My name is Cheryl Marie Yestewa, I am Hopi and Navajo. I was born on the Hopi Reservation at Keams Canyon, Arizona in May 1958. My father, Carroll Yestewa was from the Villages of Kykotsmovi and Old Oraibi in northern Arizona. He was best known to carve the happy watermelon eating clown Kachinas, in his earlier years he also worked with watercolors, ink drawing and silversmithing. My mother, Mabel Begay is from Lower Greasewood south of Ganado, Arizona. My parents were sweethearts and married soon after school.
My fondest childhood memories are of living with my grandparents and great-grandparents. I can still remember following my great-grandfather around our fields out at Hopi, planting and hoeing the corn, squash, beans, melons, playing and just generally having a great time. We moved to Phoenix, Arizona where I grew up. As a child I always had an interest in pretty rocks and plain ones too! I remember one family vacation when I dragged my mother out in the drizzling rain in eastern Wyoming to go rock hounding for some Sweetwater agate, so my passion started when I was young. I met my husband and started to work with silver and gemstones.

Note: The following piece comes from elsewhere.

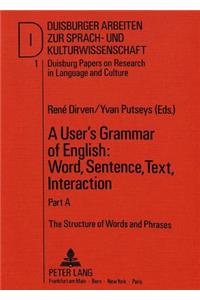 User's Grammar of English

I have always tried to let the stones be the center, just enhance never overpower, bring out the beauty of the stone. I use the best materials available, always natural and untreated. My sense of design and execution is of course from a woman’s perspective; I strive for simplicity, elegance, and timeless style. My greatest joy is when customers tell me how wonderful the jewelry feels to wear on their body.
I am honored to have a necklace in the National Museum of the American Indian Collection and the Heard Museum has two of my necklaces in their permanent collection.

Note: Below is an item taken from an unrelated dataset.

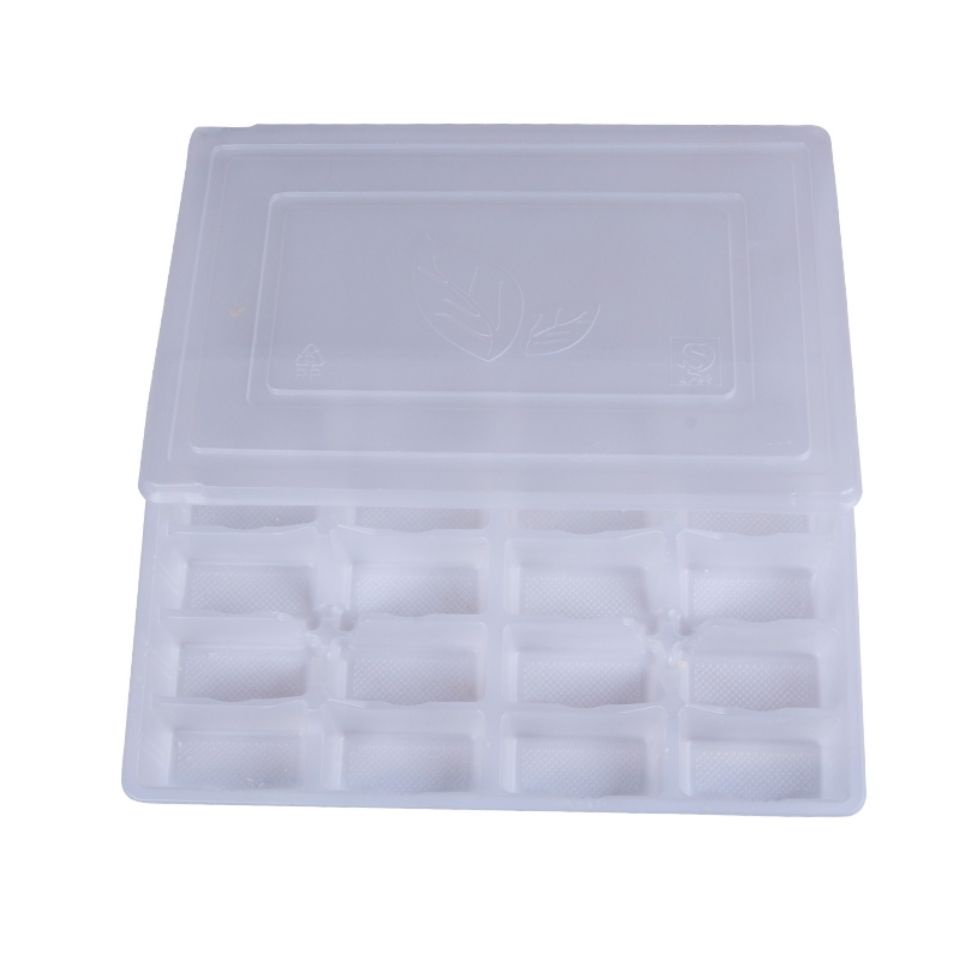 【打包盒】分格打包盒餃子盒一次性帶蓋速凍打包外賣商用水餃盒餛飩塑膠托盤20格包郵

In the past I have attended or participated in the Gallup Ceremonial, Santa Fe Indian Market, Heard Museum Show, Arizona State Fair, New Mexico State Fair, Museum of Northern Arizona Hopi Show, and many Private Gallery Exhibitions. I have received awards from all.
Cheryl is now Featured Artist in “Contemporary Southwestern Jewelry” by Diana Pardue w/ The Heard Museum.